Dataset content:
........

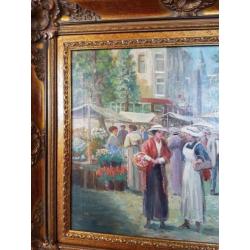 Antiek schilderij bloemen markt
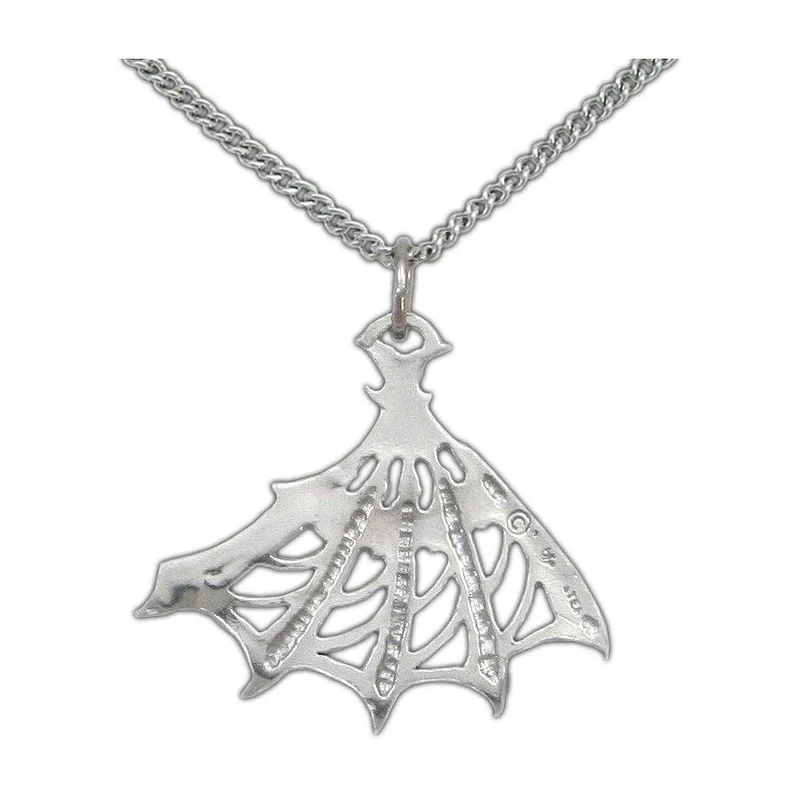 Enameled Silver Bladed Fan Pendant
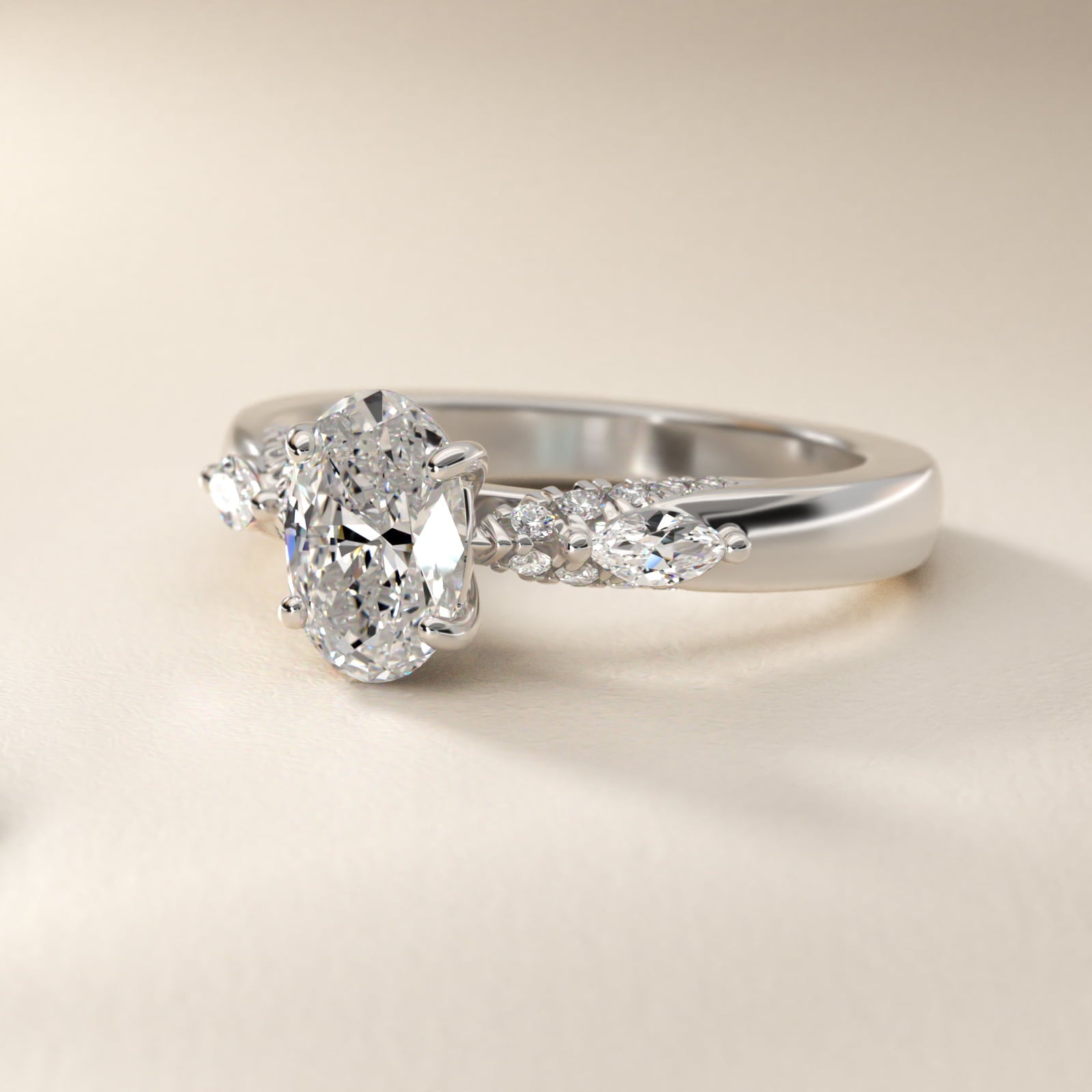 Diamond Marquise Shoulder Engagement Ring in Platinum (1/4 ct. tw.) - Oval Center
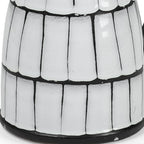 10" White And Black Artisan Glaze Ceramic Pitcher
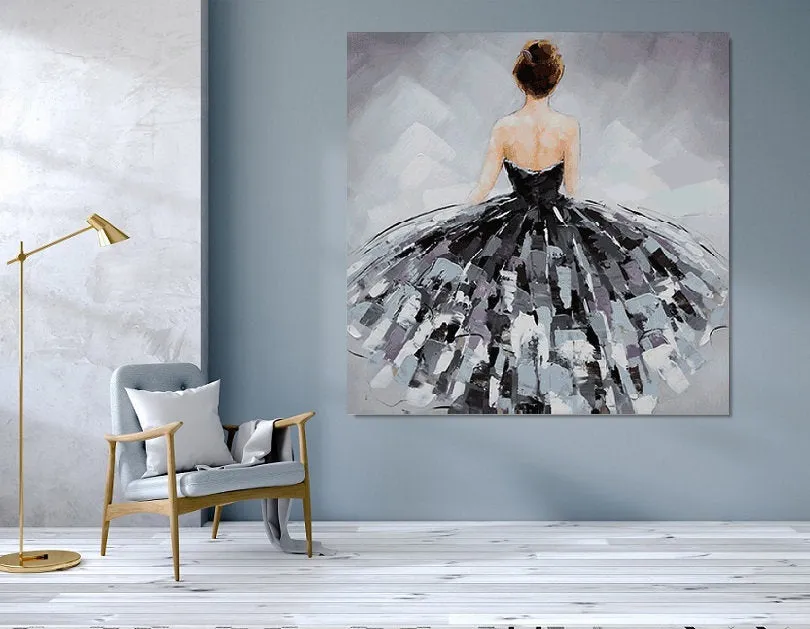 Dancer Oil Painting on Canvas Ballerina Girl Is Like Bride in a Wedding Dress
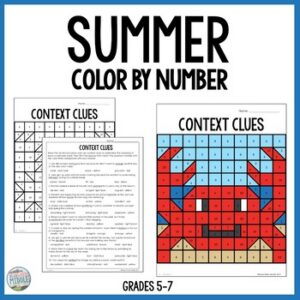 Summer Context Clues Color By Number
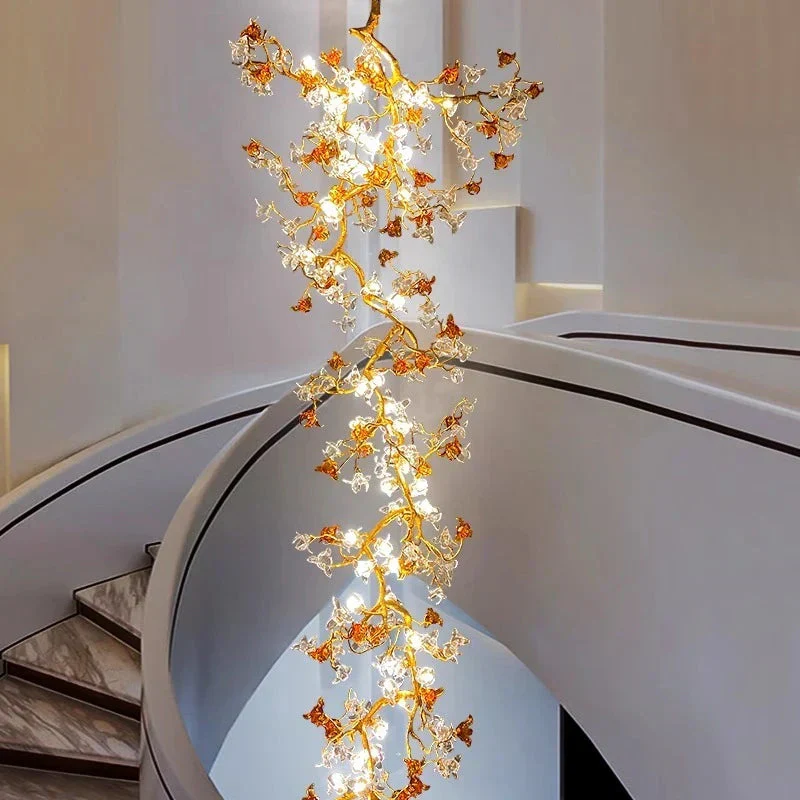 Verdant Branch Copper Vine Glass Flower Stairwell Chandelier - Image 7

........

Activity:
Without including any pictures, print each record exactly.

Reply to the exercise:
 Antiek schilderij bloemen markt
 Enameled Silver Bladed Fan Pendant
 Diamond Marquise Shoulder Engagement Ring in Platinum (1/4 ct. tw.) - Oval Center
 10" White And Black Artisan Glaze Ceramic Pitcher
 Dancer Oil Painting on Canvas Ballerina Girl Is Like Bride in a Wedding Dress
 Summer Context Clues Color By Number
 Verdant Branch Copper Vine Glass Flower Stairwell Chandelier - Image 7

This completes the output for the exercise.